Two years after beginning her journey, Sachtleben ran her first 5K with her daughter and cried as she crossed the finish line. She has since become an avid road racer and recently ran her fifth 5K, placing ninth in her age group out of 100-plus people. “Two years ago, I could not have run 30 seconds, and this year, I’m training for a half marathon,” she says. “I am 48 and have three kids and a busy career. For all you women out here like me, change is possible at any age, any stage, once you set your mind to it.”

Were you always overweight?

Yes most of my life. I was brought up on homemade pastries and tons of butter in everything. Our focus was what we were having for dinner every day, and most of my childhood memories are focused on food.

You say your diet was your biggest issue in gaining so much weight as an adult. Did you believe you were eating healthfully?

Being a nurse, I knew better. Part of my education is in nutrition, so I understood the difference between healthy and unhealthy eating. That’s why I think that changing my eating wasn’t such a big deal for me. I was a pretty easy life change.

When you started exercising, what were your goals?

I originally set a goal of walking 2 miles 3 times a week, slowly increasing my mileage. Then I joined a gym. The first two weeks in the gym I would walk on the track above the gym because I was too scared and intimidated to even step foot onto the floor. And I didn’t even know how to turn on a treadmill. Once I was comfortable with that I did water aerobics, then a year into my journey started doing Body Pump classes.

What can you do now physically that you could not do before?

The biggest change I notice is that I’m not always tired any more. I have fallen in love with running I have run 3 5k runs and one 8k and I medaled 3rd in my age group for one of them.

Did your family support your transformation?

Totally. If it wasn’t for my husband’s support I would never have made it. When you completely change your life with a journey like mine, you change on the inside as well as the outside.

Did your husband have a transformation of his own?

My husband has lost about 35 pounds himself and he has learned to love healthy food. In fact our daily food consumption has completely changed. There are no potato chips, soda, bratwurst, fast food or sweets in our house any more. Now we have fruit, yogurt, vegetables, ground turkey and whole grain bread.

When you now go out to eat what do you order?

I most often have salads with dressing on the side.
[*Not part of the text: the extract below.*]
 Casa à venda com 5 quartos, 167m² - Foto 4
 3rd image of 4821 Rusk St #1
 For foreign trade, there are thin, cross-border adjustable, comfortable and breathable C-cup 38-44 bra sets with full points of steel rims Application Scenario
Sometimes I have broiled fish with steamed veggies and my husband orders grilled chicken now instead of beef sandwiches like he used to order.
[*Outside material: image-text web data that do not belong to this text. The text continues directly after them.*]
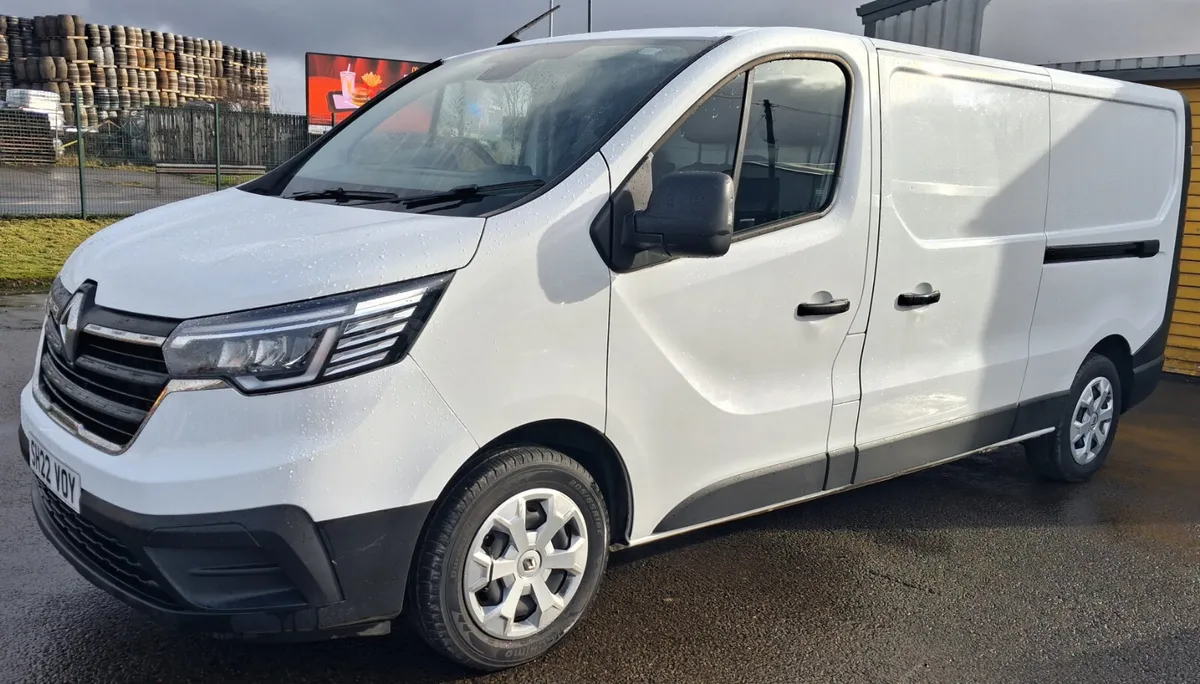 2022 Renault Trafic Panel Van - Image 3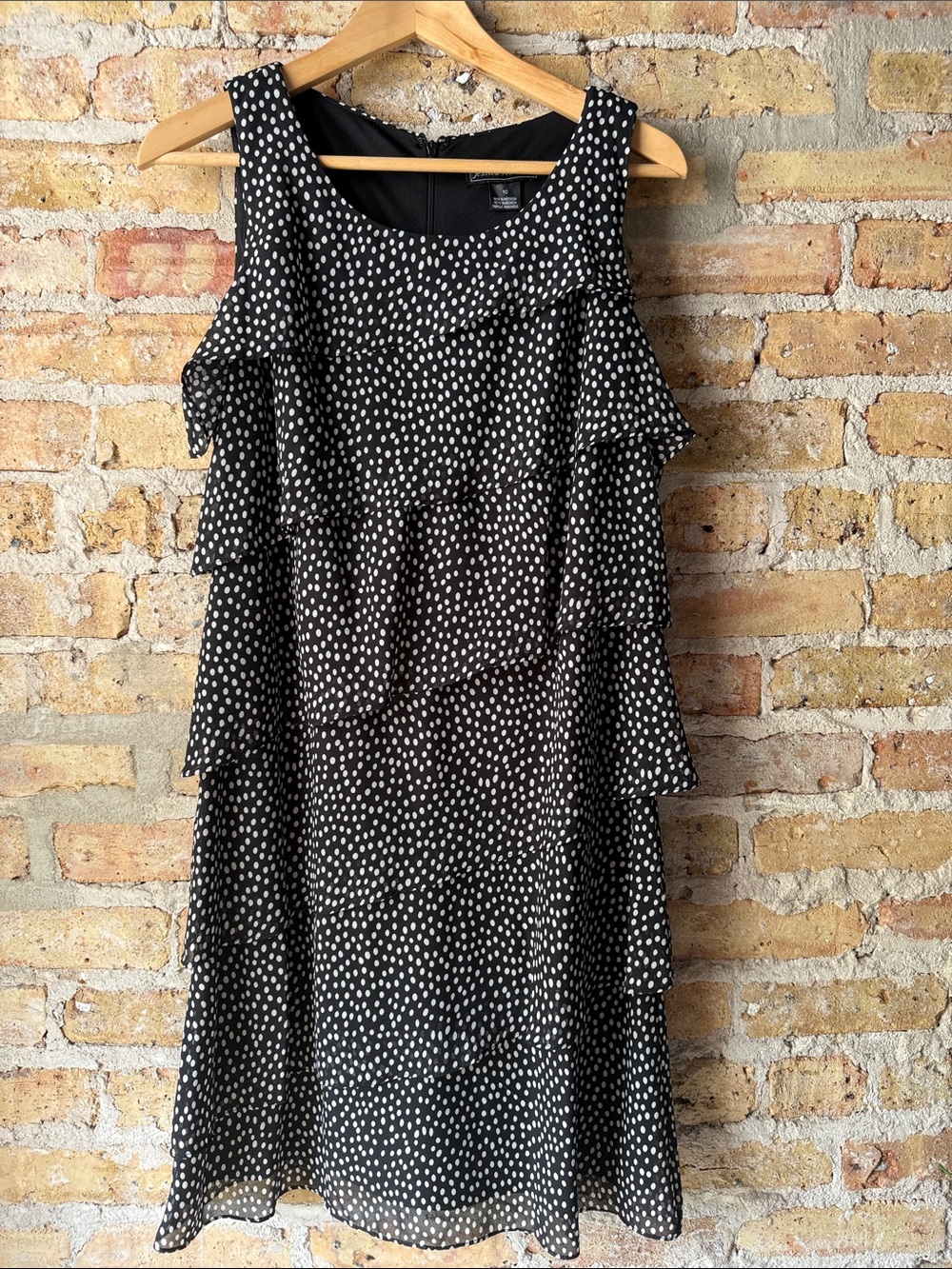 Jessica Howard Polka Dot tiered ruffle black and white summer short dress 10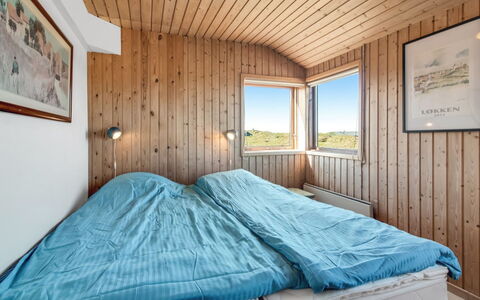 Bena - 300M from the Sea: Bois, Chambre, Lit, Drap De Lit, Plafond, Literie, Sol, Cadre De Lit, Dur, Tache De Bois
What is one of your new favorite healthy recipes?

Kale chips with my dehydrator!

Do you have any mantras you’d like to share?

Life begins outside your comfort zone.

What is your favorite bodypart to train and your favorite move for that part?

I love all-over weight lifting, but I really love training back. I’m learning to love deadlifts!

Anything else you’d like to add?

During this journey about I had to have major surgery — a hysterectomy. During my recovery I stayed on track nutritionally, even though it was devastating that I could not do the heavy workouts I was used to. It took me a good 12 weeks to rebound back to where I was, but I am proud to say that I did not gain a pound. In fact, I lost weight.